Ray Tracing

Ray tracing uses a separate rendering pipeline from both the graphics and compute pipelines (see Ray Tracing Pipeline).

Within the ray tracing pipeline, a pipeline trace ray instruction can be called to perform a ray traversal that invokes the various ray tracing shader stages during its execution. The relationship between the ray tracing pipeline object and the geometries present in the acceleration structure traversed is passed into the ray tracing command in a VkBuffer object known as a shader binding table. OpExecuteCallableKHR can also be used in ray tracing pipelines to invoke a callable shader.

During execution, control alternates between scheduling and other operations. The scheduling functionality is implementation-specific and is responsible for workload execution. The shader stages are programmable. Traversal, which refers to the process of traversing acceleration structures to find potential intersections of rays with geometry, is fixed function.

The programmable portions of the pipeline are exposed in a single-ray programming model, with each invocation handling one ray at a time. Memory operations can be synchronized using standard memory barriers. The Workgroup scope and variables with a storage class of Workgroup must not be used in the ray tracing pipeline.

Shader Call Instructions

A shader call is an instruction which may cause execution to continue elsewhere by creating one or more invocations that execute a different shader stage.

The shader call instructions are:

  • OpTraceRayKHR which may invoke intersection, any-hit, closest hit, or miss shaders,
  • OpTraceRayMotionNV which may invoke intersection, any-hit, closest hit, or miss shaders,
  • OpReportIntersectionKHR which may invoke any-hit shaders, and
  • OpExecuteCallableKHR which will invoke a callable shader.
  • OpHitObjectTraceRayNV, OpHitObjectTraceRayMotionNV, and OpHitObjectExecuteShaderNV which may invoke intersection, any-hit, closest hit, miss, or callable shaders.

Pipeline trace ray instructions can be used recursively; invoked shaders can themselves execute pipeline trace ray instructions, to a maximum depth defined by the maxRecursionDepth or maxRayRecursionDepth limit.

Shaders directly invoked from the API always have a recursion depth of 0; each shader executed by a pipeline trace ray instruction has a recursion depth one higher than the recursion depth of the shader which invoked it. Applications must not invoke a shader with a recursion depth greater than the value of maxRecursionDepth or maxPipelineRayRecursionDepth specified in the pipeline.

There is no explicit recursion limit for other shader call instructions which may recurse (e.g.
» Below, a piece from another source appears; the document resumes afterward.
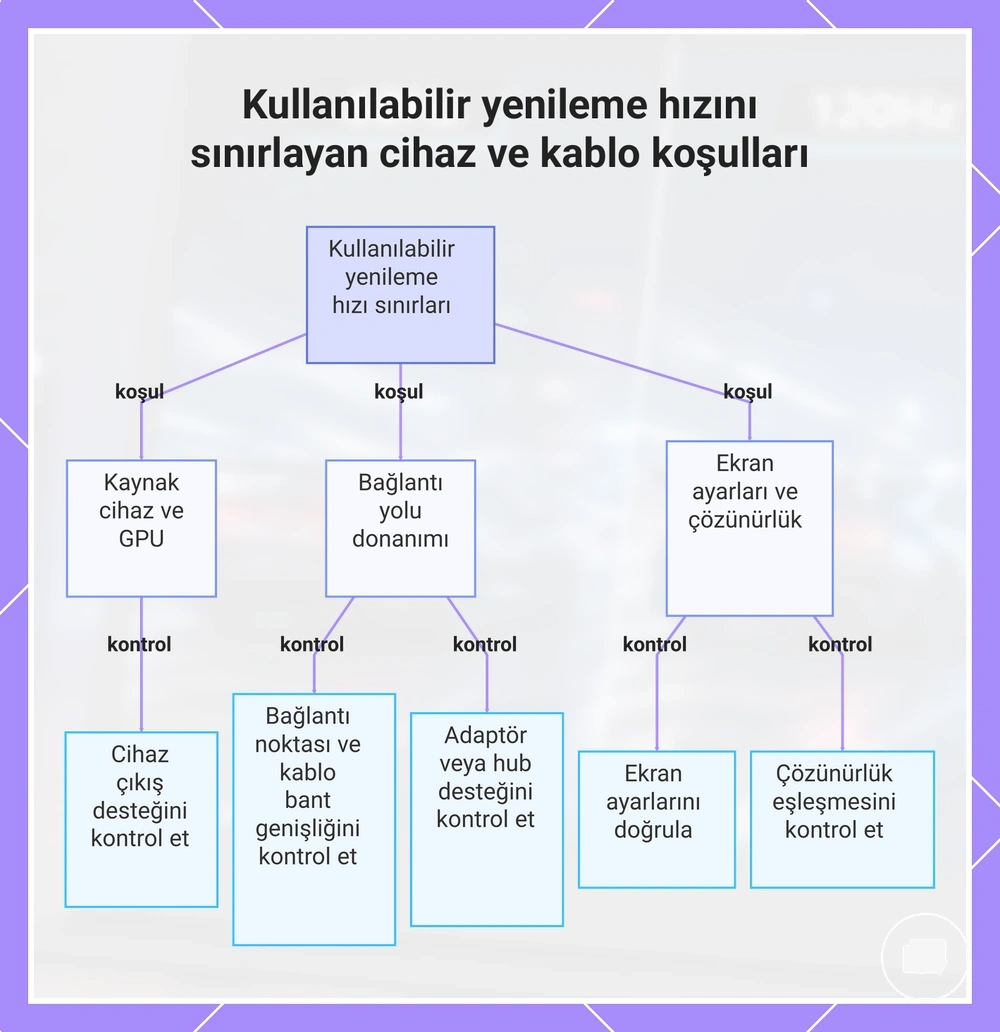 Kullanılabilir yenileme hızını sınırlayan cihaz ve kablo koşulları
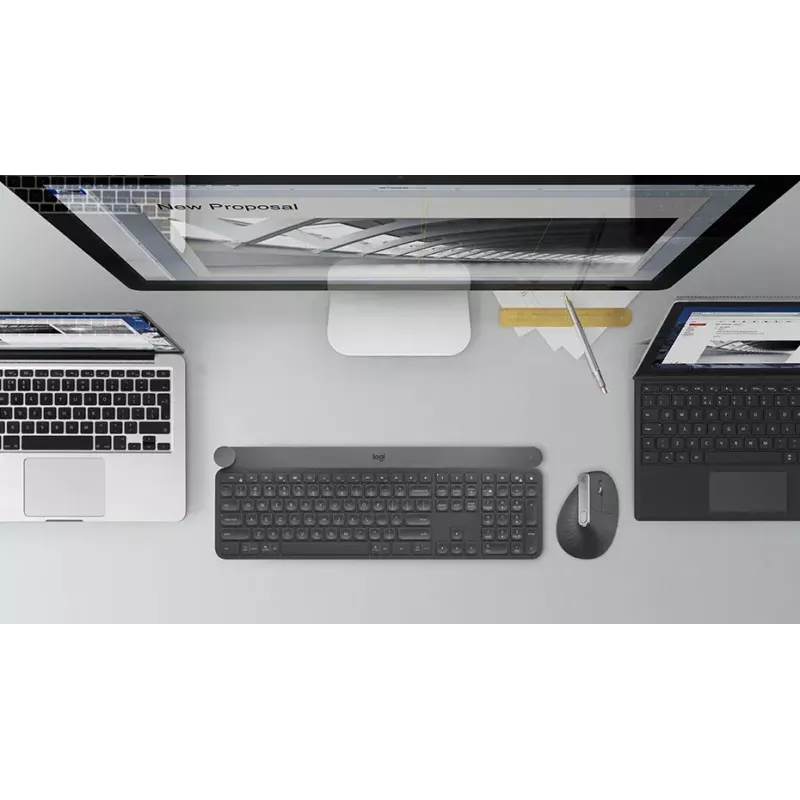 Ergonomische draadloze muis Logitech MX Vertical, MX Vertical, 4000 DPI, RF draadloos + Bluetooth, rechtshandig, grafiet, kantoorgebruik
OpExecuteCallableKHR) but there is an upper bound determined by the stack size.

An invocation repack instruction is a ray tracing instruction where the implementation may change the set of invocations that are executing. When a repack instruction is encountered, the invocation is suspended and a new invocation begins and executes the instruction. After executing the repack instruction (which may result in other ray tracing shader stages executing) the new invocation ends and the original invocation is resumed, but it may be resumed in a different subgroup or at a different SubgroupLocalInvocationId within the same subgroup. When a subset of invocations in a subgroup execute the invocation repack instruction, those that do not execute it remain in the same subgroup at the same SubgroupLocalInvocationId.
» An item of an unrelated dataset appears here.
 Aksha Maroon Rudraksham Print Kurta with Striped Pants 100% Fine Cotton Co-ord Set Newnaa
The OpTraceRayKHR, OpTraceRayMotionNV, OpReorderThreadWithHintNV, OpReorderThreadWithHitObjectNV, OpReportIntersectionKHR, and OpExecuteCallableKHR instructions are invocation repack instructions.

When a ray tracing shader executes a dynamic instance of an invocation repack instruction which results in another ray tracing shader being invoked, their instructions are related by shader-call-order.

For ray tracing invocations that are shader-call-related:

  • memory operations on StorageBuffer, Image, and ShaderRecordBufferKHR storage classes can be synchronized using the ShaderCallKHR scope.
  • the CallableDataKHR, IncomingCallableDataKHR, RayPayloadKHR, HitAttributeKHR, and IncomingRayPayloadKHR storage classes are system-synchronized and no application availability and visibility operations are required.
  • memory operations within a single invocation before and after the shader call instruction are ordered by program-order and do not require explicit synchronization.

Ray Tracing Commands

Ray tracing commands provoke work in the ray tracing pipeline. Ray tracing commands are recorded into a command buffer and when executed by a queue will produce work that executes according to the currently bound ray tracing pipeline. A ray tracing pipeline must be bound to a command buffer before any ray tracing commands are recorded in that command buffer.

vkCmdTraceRaysNVInitialize a ray tracing dispatch
vkCmdTraceRaysKHRInitialize a ray tracing dispatch
vkCmdBindInvocationMaskHUAWEIBind an invocation mask image on a command buffer
vkCmdTraceRaysIndirectKHRInitialize an indirect ray tracing dispatch
VkTraceRaysIndirectCommandKHRStructure specifying the parameters of an indirect ray tracing command
vkCmdTraceRaysIndirect2KHRInitialize an indirect ray tracing dispatch with indirect shader binding tables
VkTraceRaysIndirectCommand2KHRStructure specifying the parameters of an indirect trace ray command with indirect shader binding tables

Shader Binding Table

A shader binding table is a resource which establishes the relationship between the ray tracing pipeline and the acceleration structures that were built for the ray tracing pipeline. It indicates the shaders that operate on each geometry in an acceleration structure. In addition, it contains the resources accessed by each shader, including indices of textures, buffer device addresses, and constants. The application allocates and manages shader binding tables as VkBuffer objects.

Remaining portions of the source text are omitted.